The Sudan Justice and Equality Movement (JEM)
Deby’s New Mercenary Gamble in Sudan
By Abdullahi Osman El-Tom
In a new twist in African mercenary activities, President Deby of Chad has just sent his troops to bail out genocidaire Al-Bahsir against his own people in Sudan. Deby, almost certain to be the next African president to go to the ICC, has turned attention to get his share of Sudan’s remaining oil money. Deby is not new to African mercenary acts. In fact, having re-elected himself in an “African style democratic contest” he has been behaving like a mafia boss than an African president. In the past, Deby featured in mercenary works in Central Africa, Gabon, Sudan, Libya and Mali. This time he is stretching the last possible lifejacket to his fellow dictator and genocidaire in Sudan, Al-Bashir.
On May 12th, a contingent of Chadian army mounted on 165 military vehicles entered Sudan, at the border town of Tina.

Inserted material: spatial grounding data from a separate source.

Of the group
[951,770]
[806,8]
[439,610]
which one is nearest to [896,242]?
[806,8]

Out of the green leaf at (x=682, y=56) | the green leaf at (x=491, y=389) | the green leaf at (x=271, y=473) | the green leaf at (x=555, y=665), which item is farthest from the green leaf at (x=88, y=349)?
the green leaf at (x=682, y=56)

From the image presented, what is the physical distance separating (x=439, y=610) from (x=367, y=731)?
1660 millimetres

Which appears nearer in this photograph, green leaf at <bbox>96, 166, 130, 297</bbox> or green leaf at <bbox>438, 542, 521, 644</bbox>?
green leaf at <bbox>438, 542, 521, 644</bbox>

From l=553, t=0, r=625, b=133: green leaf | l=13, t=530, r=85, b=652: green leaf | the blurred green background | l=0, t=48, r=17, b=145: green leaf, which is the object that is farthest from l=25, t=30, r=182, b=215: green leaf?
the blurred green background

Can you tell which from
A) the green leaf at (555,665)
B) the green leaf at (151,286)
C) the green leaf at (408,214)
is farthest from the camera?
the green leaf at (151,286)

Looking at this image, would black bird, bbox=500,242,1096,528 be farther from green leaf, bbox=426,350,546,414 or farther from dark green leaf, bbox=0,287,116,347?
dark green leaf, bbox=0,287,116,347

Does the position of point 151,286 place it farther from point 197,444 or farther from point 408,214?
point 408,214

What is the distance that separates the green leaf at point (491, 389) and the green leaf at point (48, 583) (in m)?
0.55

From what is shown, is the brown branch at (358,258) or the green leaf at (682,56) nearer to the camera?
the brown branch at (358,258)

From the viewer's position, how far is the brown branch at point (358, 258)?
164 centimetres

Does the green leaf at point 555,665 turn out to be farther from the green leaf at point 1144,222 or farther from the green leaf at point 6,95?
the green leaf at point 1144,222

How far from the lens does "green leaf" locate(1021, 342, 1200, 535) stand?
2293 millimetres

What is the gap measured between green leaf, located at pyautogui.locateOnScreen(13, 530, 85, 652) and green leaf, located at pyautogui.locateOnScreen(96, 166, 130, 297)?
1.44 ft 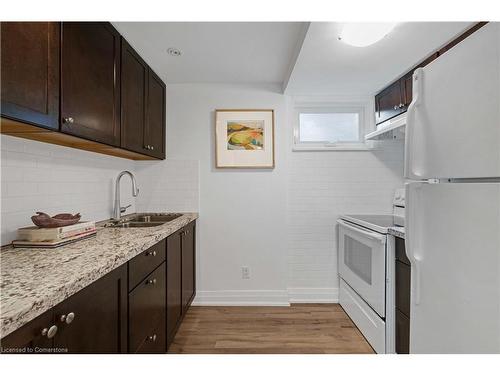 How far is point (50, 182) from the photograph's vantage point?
5.09 ft

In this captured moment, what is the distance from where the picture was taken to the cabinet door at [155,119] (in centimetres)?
226

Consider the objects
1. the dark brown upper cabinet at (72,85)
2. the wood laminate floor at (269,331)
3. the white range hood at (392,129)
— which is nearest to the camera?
the dark brown upper cabinet at (72,85)

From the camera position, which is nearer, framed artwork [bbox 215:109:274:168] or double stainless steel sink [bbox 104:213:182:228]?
double stainless steel sink [bbox 104:213:182:228]

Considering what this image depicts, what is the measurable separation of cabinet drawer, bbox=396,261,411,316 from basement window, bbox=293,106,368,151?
1.45 meters

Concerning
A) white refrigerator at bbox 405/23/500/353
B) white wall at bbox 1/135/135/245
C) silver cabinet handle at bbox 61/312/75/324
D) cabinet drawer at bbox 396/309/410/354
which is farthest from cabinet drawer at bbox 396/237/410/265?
white wall at bbox 1/135/135/245

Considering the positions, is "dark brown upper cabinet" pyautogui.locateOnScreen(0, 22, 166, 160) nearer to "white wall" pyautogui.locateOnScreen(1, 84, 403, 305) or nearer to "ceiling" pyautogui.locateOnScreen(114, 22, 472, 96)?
"ceiling" pyautogui.locateOnScreen(114, 22, 472, 96)

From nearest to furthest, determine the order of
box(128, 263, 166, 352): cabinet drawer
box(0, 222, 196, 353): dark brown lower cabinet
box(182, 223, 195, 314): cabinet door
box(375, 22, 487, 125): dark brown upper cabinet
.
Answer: box(0, 222, 196, 353): dark brown lower cabinet, box(128, 263, 166, 352): cabinet drawer, box(375, 22, 487, 125): dark brown upper cabinet, box(182, 223, 195, 314): cabinet door

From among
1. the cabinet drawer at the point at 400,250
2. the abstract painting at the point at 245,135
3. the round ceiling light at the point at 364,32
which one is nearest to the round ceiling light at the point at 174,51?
the abstract painting at the point at 245,135

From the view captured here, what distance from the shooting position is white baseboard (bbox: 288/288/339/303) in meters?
2.69

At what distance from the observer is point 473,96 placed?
36.2 inches

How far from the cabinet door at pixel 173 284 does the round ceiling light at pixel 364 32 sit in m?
1.75

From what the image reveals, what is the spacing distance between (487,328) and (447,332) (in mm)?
189

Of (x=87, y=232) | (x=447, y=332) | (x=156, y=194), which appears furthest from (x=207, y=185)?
(x=447, y=332)

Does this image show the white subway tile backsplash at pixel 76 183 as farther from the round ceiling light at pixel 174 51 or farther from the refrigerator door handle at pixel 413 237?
the refrigerator door handle at pixel 413 237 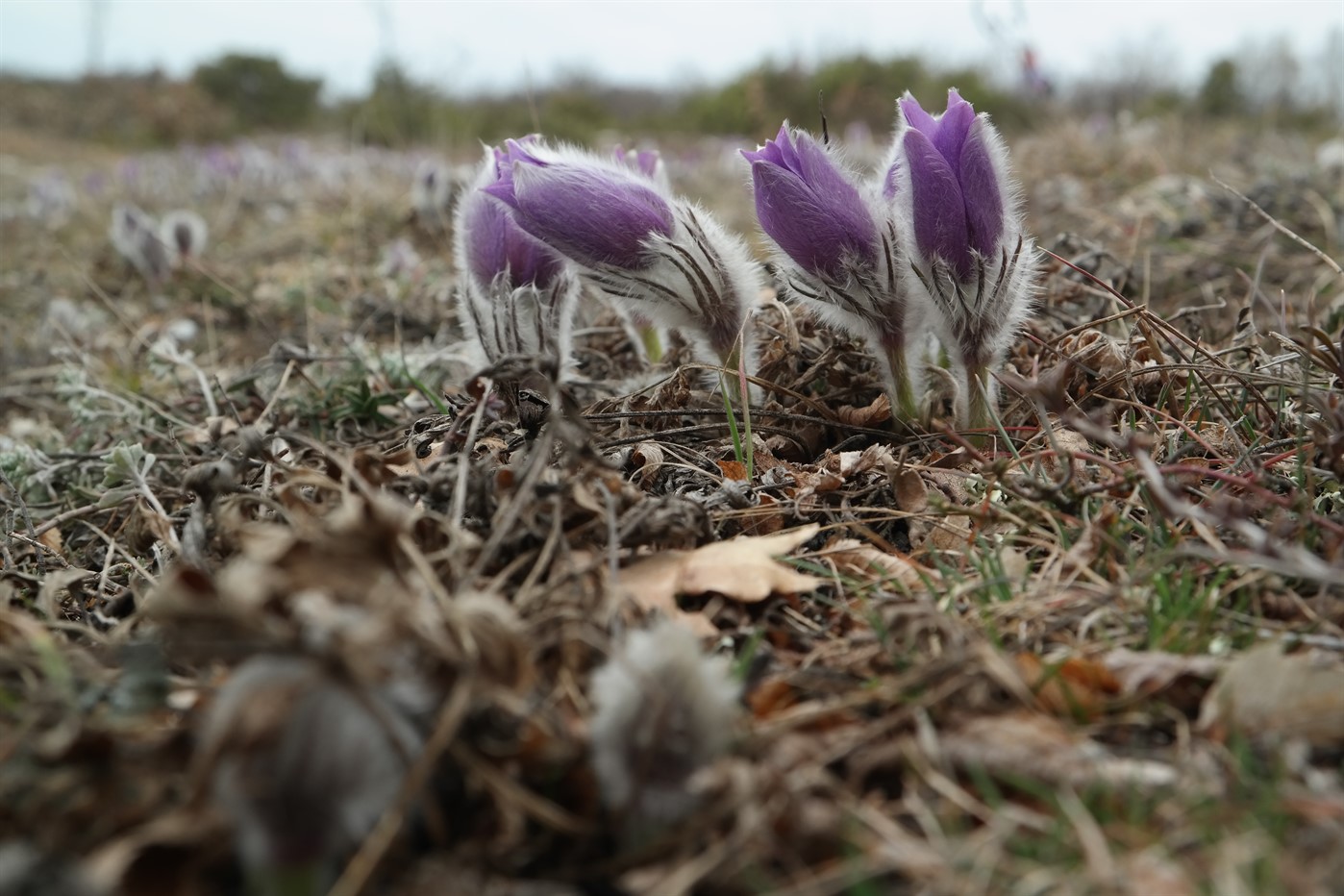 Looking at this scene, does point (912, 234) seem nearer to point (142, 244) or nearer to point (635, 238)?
point (635, 238)

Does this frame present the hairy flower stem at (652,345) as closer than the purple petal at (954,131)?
No

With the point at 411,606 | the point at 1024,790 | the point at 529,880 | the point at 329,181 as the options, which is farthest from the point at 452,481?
the point at 329,181

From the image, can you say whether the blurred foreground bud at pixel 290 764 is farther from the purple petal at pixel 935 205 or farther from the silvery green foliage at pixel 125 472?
the purple petal at pixel 935 205

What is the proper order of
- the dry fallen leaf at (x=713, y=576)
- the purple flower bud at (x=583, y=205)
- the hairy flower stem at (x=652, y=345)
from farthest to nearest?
1. the hairy flower stem at (x=652, y=345)
2. the purple flower bud at (x=583, y=205)
3. the dry fallen leaf at (x=713, y=576)

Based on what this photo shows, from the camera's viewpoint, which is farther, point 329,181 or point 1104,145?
point 329,181

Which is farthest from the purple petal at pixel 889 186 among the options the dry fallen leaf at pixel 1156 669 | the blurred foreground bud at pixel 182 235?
the blurred foreground bud at pixel 182 235

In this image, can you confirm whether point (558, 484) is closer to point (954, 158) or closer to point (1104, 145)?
point (954, 158)

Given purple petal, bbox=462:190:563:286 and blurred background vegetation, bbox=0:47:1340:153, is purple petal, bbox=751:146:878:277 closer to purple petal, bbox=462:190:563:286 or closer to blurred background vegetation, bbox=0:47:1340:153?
purple petal, bbox=462:190:563:286

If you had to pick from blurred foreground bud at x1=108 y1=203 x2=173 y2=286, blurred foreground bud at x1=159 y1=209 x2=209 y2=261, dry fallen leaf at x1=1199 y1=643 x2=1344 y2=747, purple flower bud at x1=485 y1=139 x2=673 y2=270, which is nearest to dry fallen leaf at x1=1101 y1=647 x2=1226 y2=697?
Result: dry fallen leaf at x1=1199 y1=643 x2=1344 y2=747
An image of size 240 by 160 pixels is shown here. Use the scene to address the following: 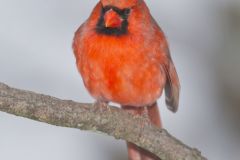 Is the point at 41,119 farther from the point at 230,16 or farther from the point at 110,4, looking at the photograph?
the point at 230,16

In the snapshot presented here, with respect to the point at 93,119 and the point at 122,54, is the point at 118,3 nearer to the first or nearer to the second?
the point at 122,54

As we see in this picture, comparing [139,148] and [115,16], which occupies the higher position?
[115,16]

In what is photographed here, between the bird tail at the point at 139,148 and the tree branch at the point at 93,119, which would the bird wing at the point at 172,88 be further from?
the tree branch at the point at 93,119

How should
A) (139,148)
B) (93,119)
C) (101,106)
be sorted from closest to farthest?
(93,119) → (101,106) → (139,148)

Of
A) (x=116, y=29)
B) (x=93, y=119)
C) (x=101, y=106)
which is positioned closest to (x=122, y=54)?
(x=116, y=29)

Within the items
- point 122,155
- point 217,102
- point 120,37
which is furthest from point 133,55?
point 217,102

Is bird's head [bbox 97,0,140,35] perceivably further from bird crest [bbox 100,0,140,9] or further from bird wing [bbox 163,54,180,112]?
bird wing [bbox 163,54,180,112]

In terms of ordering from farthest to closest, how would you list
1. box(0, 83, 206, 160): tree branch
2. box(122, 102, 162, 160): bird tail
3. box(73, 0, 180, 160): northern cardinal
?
box(122, 102, 162, 160): bird tail < box(73, 0, 180, 160): northern cardinal < box(0, 83, 206, 160): tree branch

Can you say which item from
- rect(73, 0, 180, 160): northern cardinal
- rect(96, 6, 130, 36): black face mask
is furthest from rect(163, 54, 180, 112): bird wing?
rect(96, 6, 130, 36): black face mask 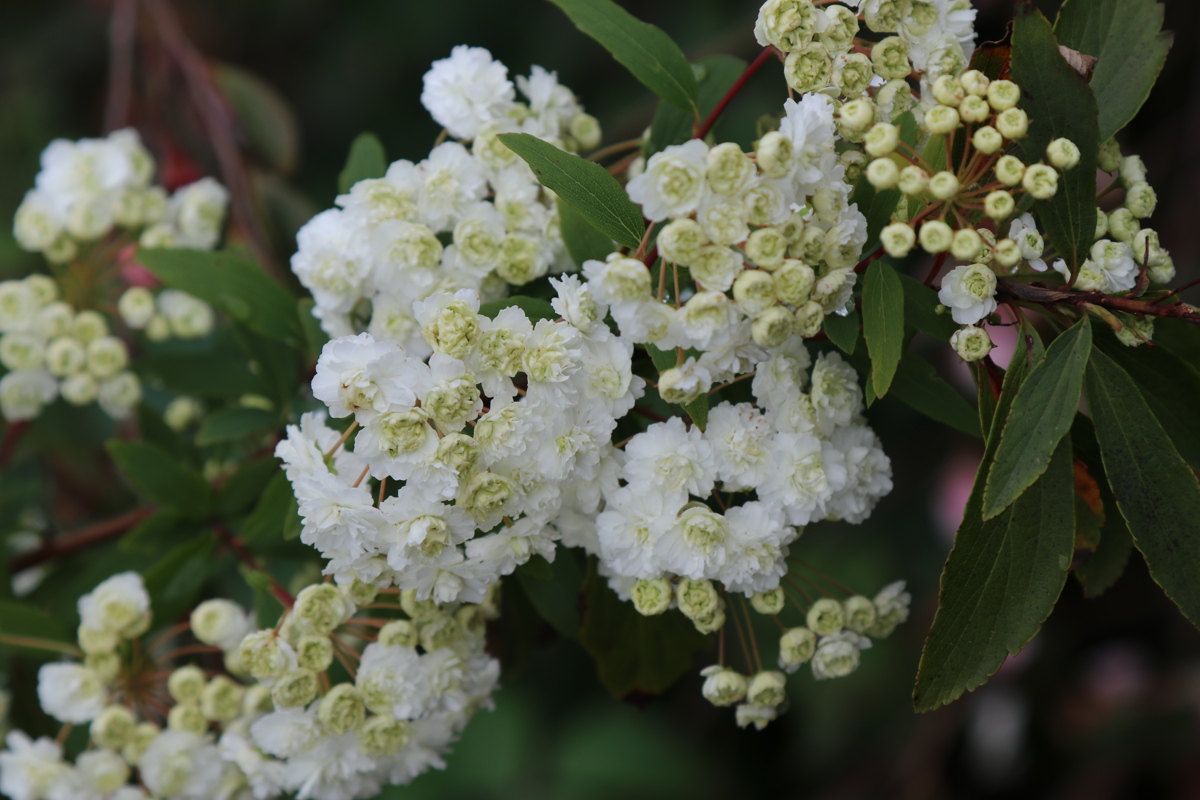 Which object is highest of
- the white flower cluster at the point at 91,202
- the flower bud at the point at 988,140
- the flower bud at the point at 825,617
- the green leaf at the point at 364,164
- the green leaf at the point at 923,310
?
the flower bud at the point at 988,140

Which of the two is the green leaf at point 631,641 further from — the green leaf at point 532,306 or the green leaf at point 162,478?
the green leaf at point 162,478

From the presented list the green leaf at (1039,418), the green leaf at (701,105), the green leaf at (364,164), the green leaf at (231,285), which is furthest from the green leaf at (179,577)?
the green leaf at (1039,418)

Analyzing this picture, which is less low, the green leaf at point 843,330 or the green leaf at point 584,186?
the green leaf at point 584,186

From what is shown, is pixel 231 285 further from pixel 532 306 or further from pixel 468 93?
pixel 532 306

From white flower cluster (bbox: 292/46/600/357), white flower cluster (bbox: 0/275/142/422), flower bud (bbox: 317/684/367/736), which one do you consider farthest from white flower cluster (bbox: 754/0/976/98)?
white flower cluster (bbox: 0/275/142/422)

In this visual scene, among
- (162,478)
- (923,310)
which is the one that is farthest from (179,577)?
(923,310)

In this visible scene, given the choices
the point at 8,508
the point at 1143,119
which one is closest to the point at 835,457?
the point at 8,508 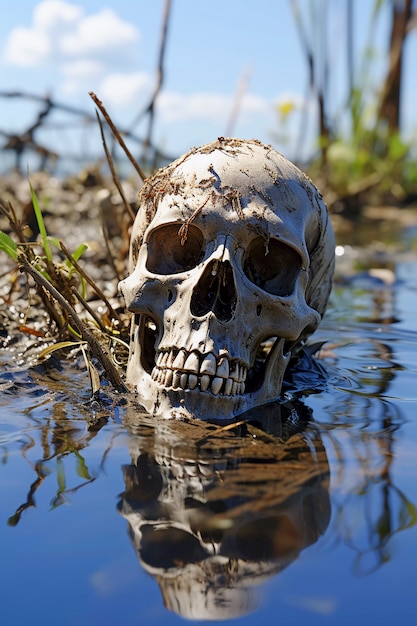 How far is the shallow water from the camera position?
1.57 metres

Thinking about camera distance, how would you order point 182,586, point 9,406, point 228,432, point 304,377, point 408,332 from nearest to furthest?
point 182,586 → point 228,432 → point 9,406 → point 304,377 → point 408,332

The force spent three days inside Sudan near Tina and then progressed deep into Darfur passing through Donkey Al-Hosh and then Umsidra and Kerkera 28 kilometres from Al-Fashir. Chadian and Sudanese air forces bombarded the route a head of the army to ensure softening of local civilians all along the way.
Today, Wednesday, May 22nd, the Chadian forces appeared very much rested in Al-Fashir city. They roamed the city and were clearly distinguished by their Chadian accent. Some citizens could not hide their outrage about presence of a Chadian force in their city but others were amused and delighted about the pathetic state of Al-Bashir’s regime and its apparent inability to defend itself.
Alrakuba Website reported today (May 22nd) that Al-Bashir requested Egypt and Chad to help him against an Israel-backed foreign invasion of Sudan, a childish story believed only by the silliest of all like Deby. Commendably, President Mursi of Egypt declined the request, telling Al-Bashir to negotiate with his own Sudanese people and relinquish power if necessary. But Deby saw another opportunity for money but he also thought he would not survive without Al-Bashir in power. In Al-Fashir, the commander of Chadian force found the Sudanese army demoralised and unwilling to fight. As he told Deby, a senior Sudanese army officer threatened to join the resistance army if he was forced to fight them. Nonetheless, the Chadian commander requested more troops from Chad to compensate for lack of support from the Sudanese army.
With around 150 vehicles, the Chadian army is gearing to move to the battlefield in Abu Karshola of Kordofan. They will travel through a hostile territory, for no Sudanese wants to see foreign troops coming to keep their hated dictator in power.
As for Deby, his gamble in Sudan will signal the end of his rule. Al-Bashir will not survive -with his help or without- but neither will he.